Overview
This model, richardyoung/Qwen2.5-14B-Instruct-1M-heretic, is a 14.8 billion parameter instruction-tuned causal language model based on the Qwen2.5 series. Its primary distinction is the removal of safety guardrails and refusal behaviors using the Heretic v1.0.1 tool, resulting in significantly fewer refusals (3/100 compared to 87/100 for the original model).
Key Capabilities
- Ultra-Long Context: Supports a context length of up to 1,010,000 tokens, with generation up to 8,192 tokens. It demonstrates improved performance in handling long-context tasks.
- Decensored Output: Modified to suppress refusal directions, allowing for generation of content that the original model might refuse.
- Qwen2.5 Architecture: Built on a transformer architecture featuring RoPE, SwiGLU, RMSNorm, and Attention QKV bias.
Intended Use Cases
- Research and Education: Ideal for studying model behavior, limitations, and the effects of decensoring.
- Creative Writing & Roleplay: Suitable for generating diverse content without built-in restrictions, particularly for consenting adults.

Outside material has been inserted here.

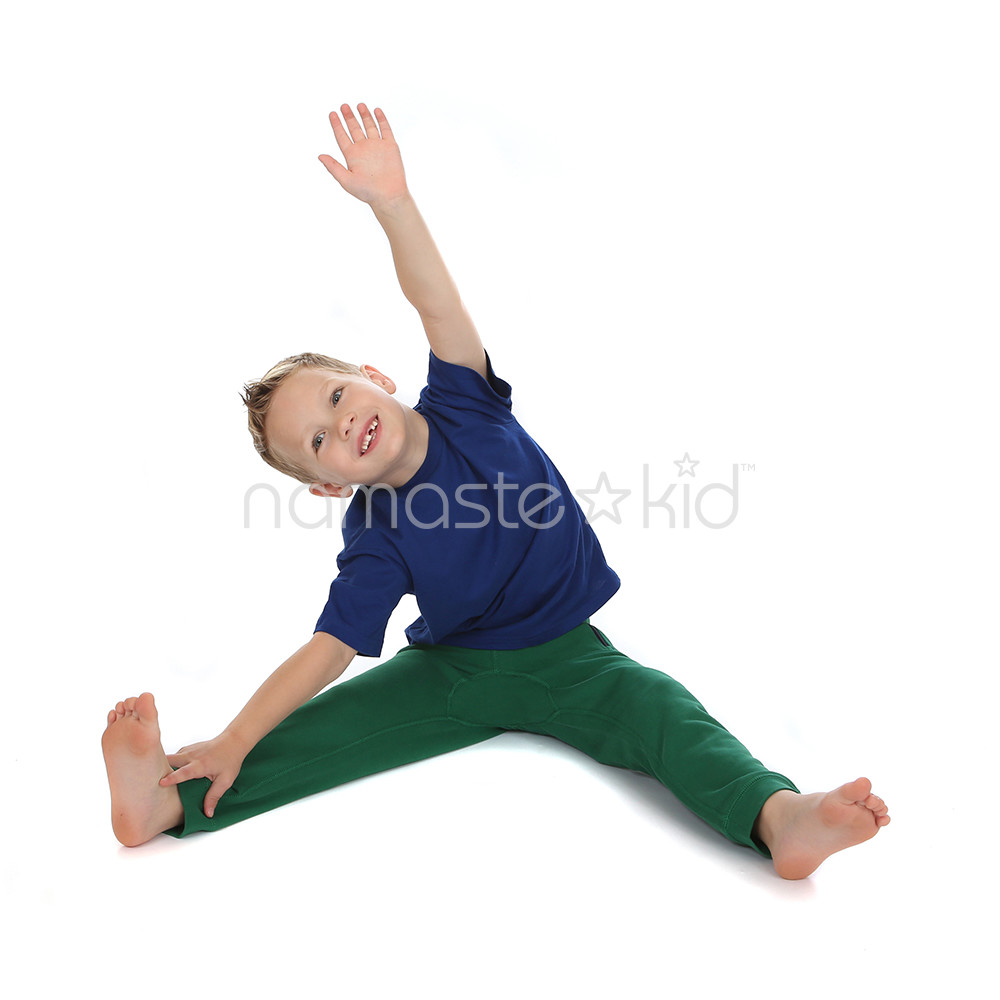 Yoga Pose: Wide Child's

- Red-Teaming & Safety Research: Useful for probing model vulnerabilities and understanding potential risks.
Important Considerations
This model is explicitly not intended for generating harmful, illegal, or unethical content. Users are solely responsible for its outputs and must comply with all applicable laws and ethical guidelines. The creator accepts no liability for misuse.